Fleet management
Fleet management is the process of provisioning, monitoring, scaling, and maintaining a pool of game servers across regions to meet player demand. It covers everything from initial capacity planning to real-time scaling decisions during live operations.
What fleet management involves
- Capacity planning — Deciding how many servers to pre-provision per region based on expected player counts.
- Scaling — Adding or removing server capacity as demand changes. This can be manual (an operator watches dashboards and adds instances) or automatic (autoscaling rules triggered by utilisation thresholds).
- Health monitoring — Tracking whether servers are responsive, handling sessions correctly, and not approaching resource limits.

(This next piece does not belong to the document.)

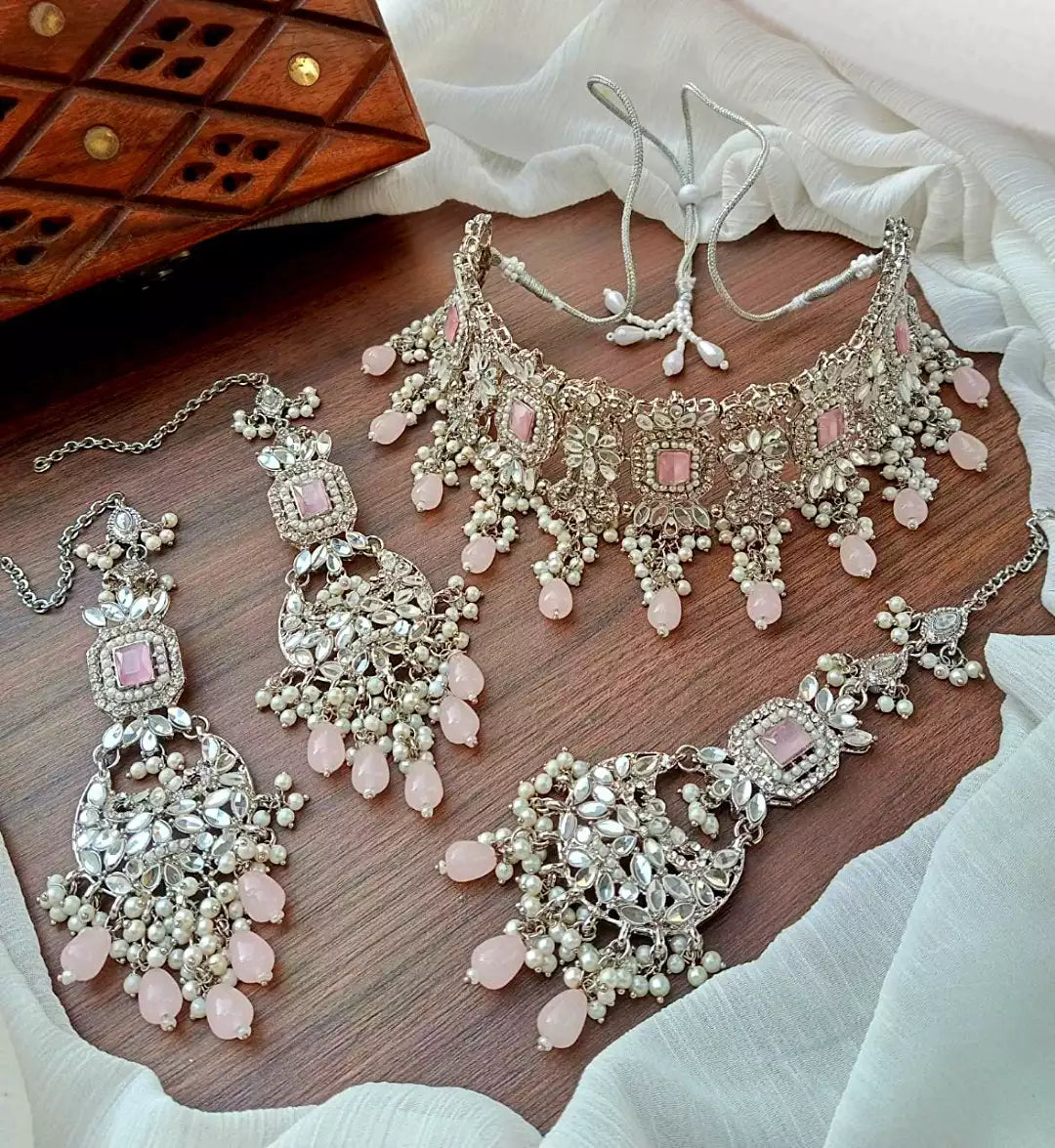 Kundan bridal sets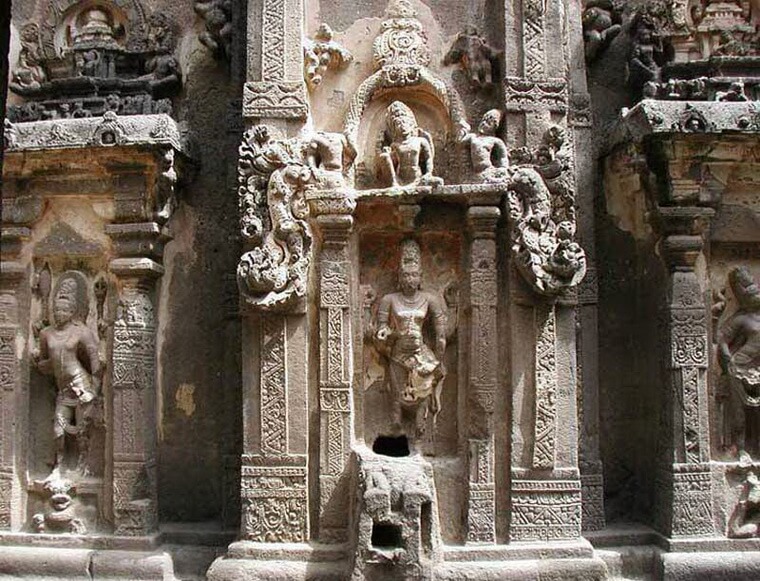 Скульптуры храма Кайласа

- Deployment — Rolling out new server builds across the fleet without downtime.
- Failover — Redirecting traffic when servers or entire providers fail.
DIY vs managed fleet management
With DIY fleet management (e.g. running Agones on Kubernetes or managing EC2 instances directly), the studio handles all of the above. This typically requires 1-2 dedicated infrastructure engineers and an on-call rotation.
Managed fleet management platforms handle it through their orchestration layer. The studio calls an API to start sessions. The platform handles placement, scaling, health checks, and failover automatically. The trade-off is less granular control in exchange for significantly less operational burden.